The most pointless sentence you’ve ever read, perhaps. We’ve all been young our whole lives, up until a particular point, should we be fortunate enough to reach it — that’s what “being young” means.
But listen, there’s more to it than that. I was born right before the birth cutoff for my grade and thus the youngest kid in my class. I grew up with a sister two years older, making me the little brother. Throughout my early adulthood, being young was kind of an important part of my whole appeal; it’s been part of my identity, like “being smart” or “being athletic,” and I fear that without it “being snarky” would have been substituted in its place.

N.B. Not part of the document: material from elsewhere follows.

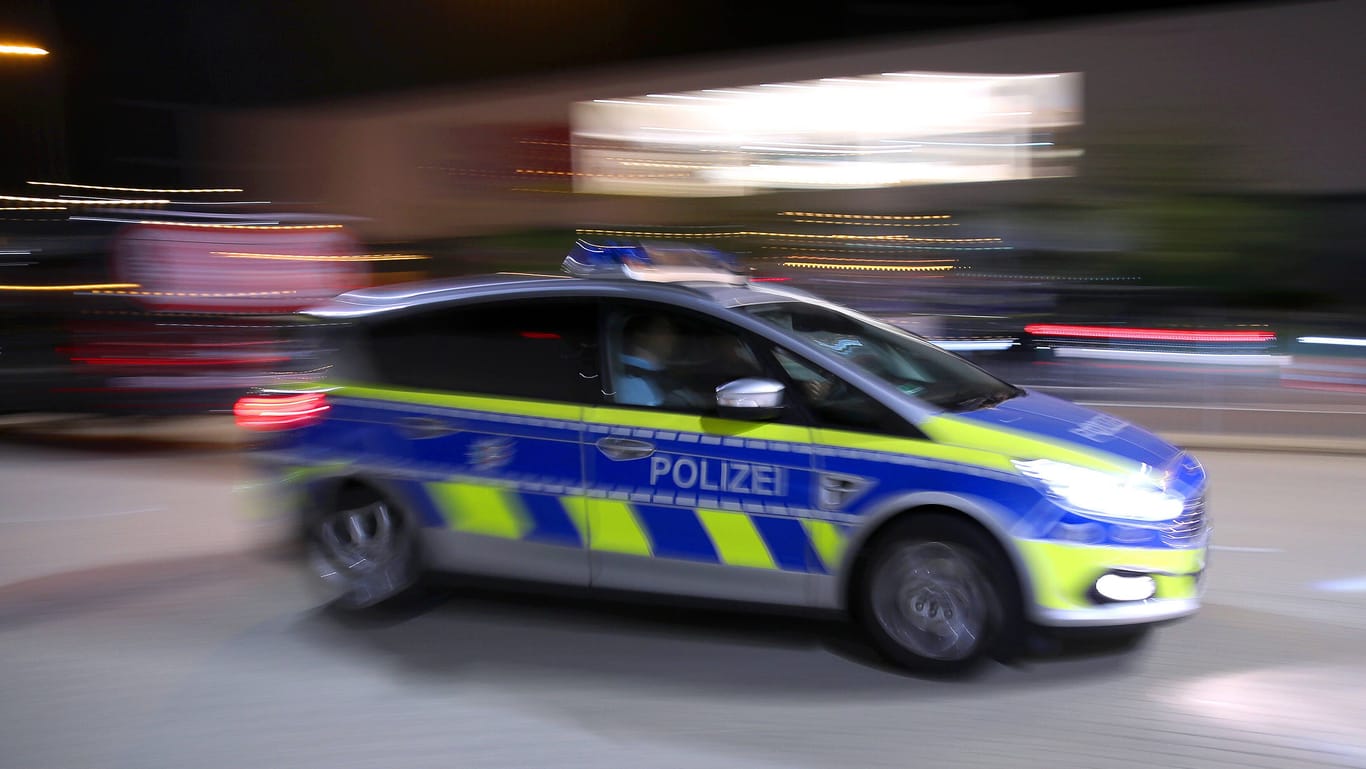 Ein Polizeiwagen fährt mit Blaulicht bei Nacht (Symbolbild): Nach einer Verfolgungsfahrt konnte die Polizei einen mutmaßlichen Autodieb stellen.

Slowly, all those parts of my identity have been degraded. I’ve found over time that “being smart” just meant good at tests and knowing a few synonyms and African capitals. As the old saying goes, If you’re the smartest person in the room, then you’re in the wrong room. I find myself in a lot of the “right rooms” these days. I’m also physically slower than I once was, and not quite as strong or durable. And here’s the worst part: As I sit here today, I’m the oldest I’ve ever been in my entire life. Perhaps, even, a little bit “not young” anymore.
If I’m honest, things started changing for me at the world-weary age of six, when my little brother was born. That made me a little brother and an older brother. It was the first inflection point I can remember in my life. But now that the answer to the question “am I still young” is a resounding “I dunno, maybe not,” I find myself on the precipice of The Big Inflection Point, wielding all the acquired wisdom, old sayings, and eclectic riddles my dad told me to help me deal with the challenge. Here’s one of those riddles: How long can you walk into a forest? Answer: Halfway, because at that point you are walking out. There comes an inflection point where things change, when you are no longer young, when you are no longer walking into the forest.
The most blatant and unimaginative thesis statement you’ve ever read, perhaps.
But listen, there’s more to it than that.
Part One: y = –x^2
Liking Wes Anderson.
This is the sort of thing you do when you’re “wise beyond your years,” like listening to Zooey Deschanel’s music or having a night in with a puzzle and a cat. But is it an age-appropriate, unironic thing you can do into your late 30s before starting to feel a certain way about it?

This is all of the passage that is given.